Generalmente esta dominación se sustenta en una supuesta defensa del orden y la seguridad pública, pero disfrazan el aumento de los dispositivos represivos hacia la ciudadanía, como la aprobación de la Ley Mordaza y el nuevo Código Penal, que son vendidos políticamente como una necesidad para una mayor seguridad ciudadana. La imposición de unos capitales específicos, que instaura un sistema de posiciones de poder para retener y expulsar a quienes no asumen sus reglas de su funcionamiento.
Paradigmático es la utilización del delito de terrorismo a los jóvenes detenidos en Alsasua tras una reyerta con miembros de la Guardia Civil, o la vulneración del derecho a huelga de los trabajadores de EULEN en el aeropuerto barcelonés tras la alegación de una situación de alerta terrorista para imponer la sustitución del personal que presta el servicio por miembros de la Guardia Civil. Pero también es en este contexto en el que es más fácil perseguir a activistas sociales, como el caso de plena actualidad del activista ecologista Juan Clavero o el encarcelamiento del sindicalista Andrés Bódalo.
En definitiva, la lucha política es una lucha por imponer una visión legítima del mundo social, por mantener o subvertir el orden simbólico representado por el Estado.
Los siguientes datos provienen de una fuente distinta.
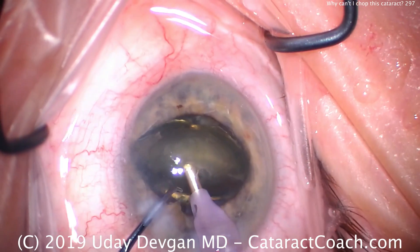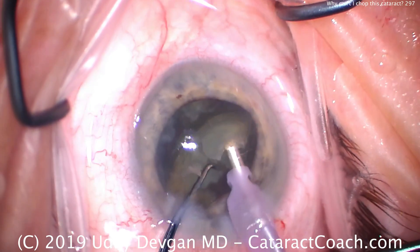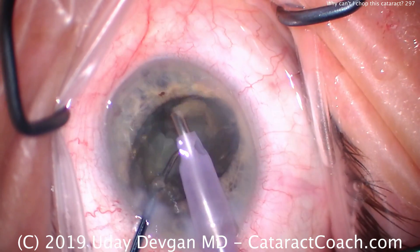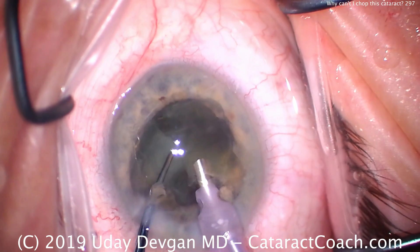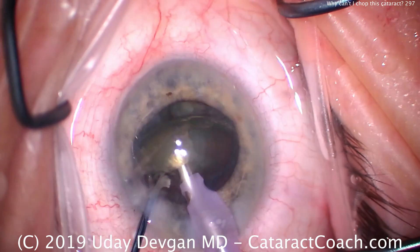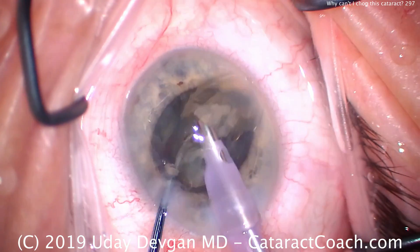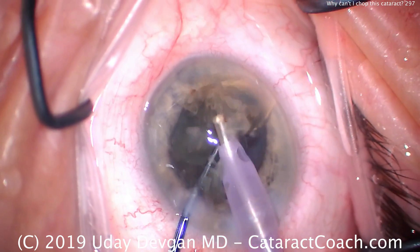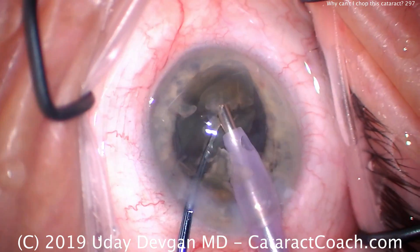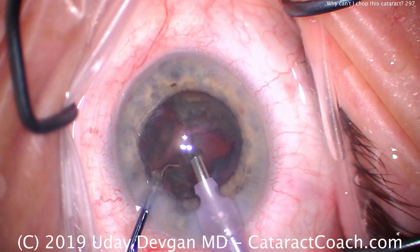Buzz in with the faco probe again. Here's that denser central nucleus, chopper goes around, we'll break it into pieces. Now it's starting to chop a little bit, still not as effective as I would like. This isn't an entirely dense nucleus — it doesn't have that fibrous or leathery quality. It's a pretty traditional moderate amount of nuclear sclerosis. Buzz in with the faco probe again and we can just subdivide it. Finally I'm making some progress and we're removing the nucleus. Still not sure why I'm not having great success, even though the answer is right there, right in front of me.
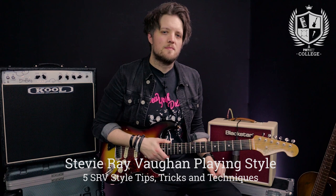Hello everyone and welcome to PMT College powered by Professional Music Technology. My name is Lee Fuge and I'm here with MGRmusic.com. Today we're going to look at five Stevie Ray Vaughan style tips, tricks and techniques.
Este es el principal reto político al que no enfrentemos, la lucha por la disputa al Estado, del orden y la seguridad.
Y frente a la seguridad del leviatán y del autoritarismo, debemos apelar a que no hay orden y seguridad posibles en sociedades donde el desempleo, la precariedad, la pobreza son la realidad social. No es posible la lucha contra el terrorismo si no se deja de comercializar con los estados que financia a organizaciones terroristas. No hay seguridad posible sin derechos para todas.